Mr Barrett stated in his report that he considered that good marine engineering practice and vigilant ship-keeping by competent persons would have prevented the flooding. Mr Barrett also gave evidence that it would be standard procedure and good marine engineering practice to check the stern gland and the engine room bilges upon taking control of a vessel, irrespective of what the Marshal was told by those on board.
Mr Barrett stated that the flooding in the engine room would have been about 21,500 litres over about 48 hours and was a significant leak. It equated to about eight litres a minute as opposed to two to three litres a minute for a normal trickle of water. Mr Barrett considered that if it had been attended to within the first eight hours the flooding could have been stemmed.

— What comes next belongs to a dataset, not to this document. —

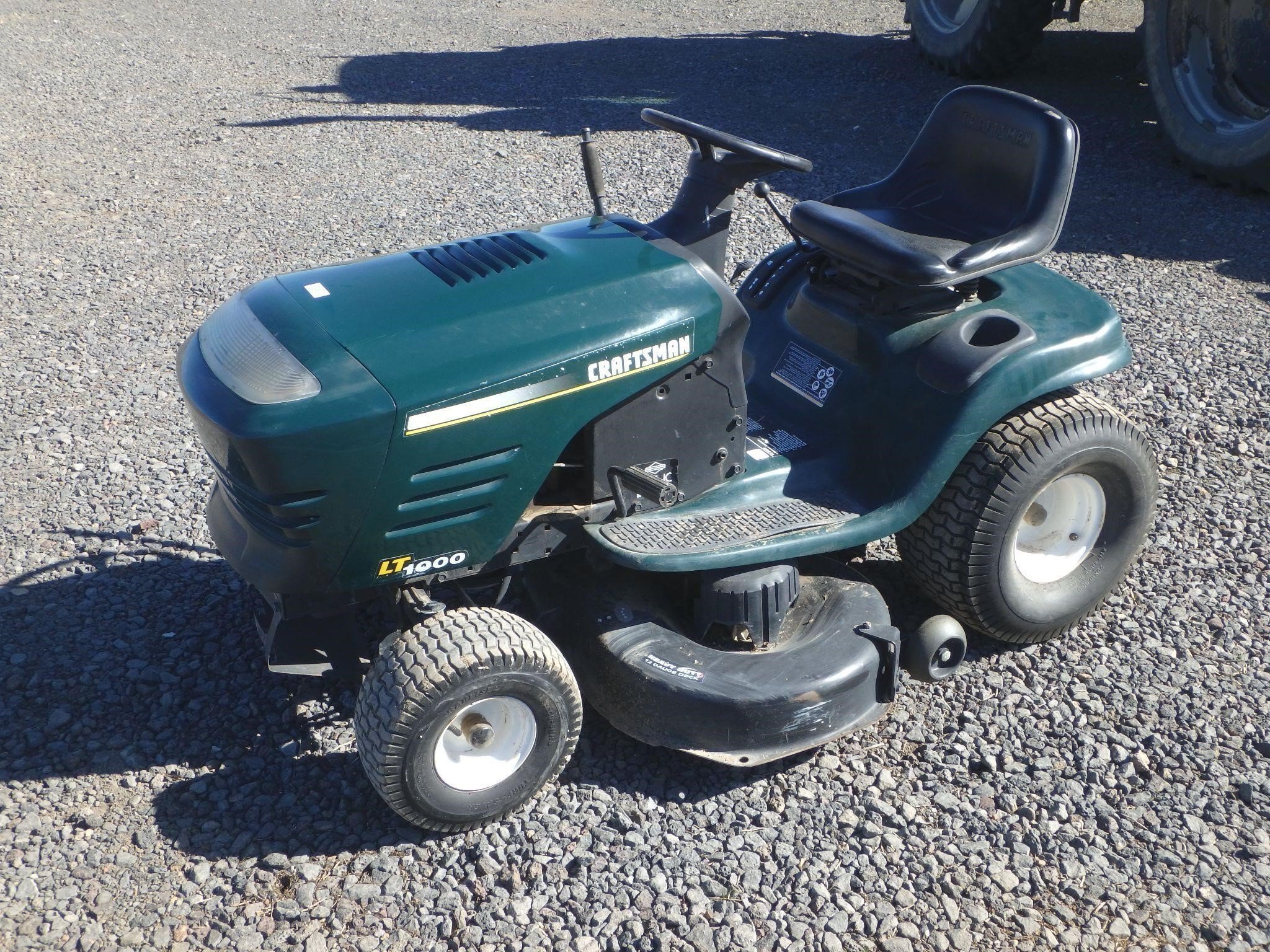 Craftsman Riding Lawnmower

Evidence of the Marshal, Mr Hanson
Mr Hanson, who has been the Marshal of the Supreme Court of Queensland since 1998, gave evidence that he had received a request from solicitors on behalf of Mooloolaba Slipways to execute an arrest warrant for the vessel. On 7 December 1999, at approximately 6:50 a.m., he was advised that the vessel had come into port at Raptis Wharf. He made preliminary arrangements to move the vessel if necessary and arranged two crew members from Mooloolaba Slipways, as well as an engineer, Mr Marshall, and a skipper, Mr Brancatella. When asked about his awareness of the skipper’s and engineer’s qualifications, Mr Hanson said that Mr Brancatella’s qualifications were made clear to him at Aluminium Fast Ferries, where they forwarded his skipper’s ticket to him. As for Mr Marshall, Mr Hanson said that he was told by Aluminium Fast Ferries that he was a marine engineer, although he did not receive any evidence of his qualifications. Mr Hanson had used Mr Marshall previously in moving a vessel.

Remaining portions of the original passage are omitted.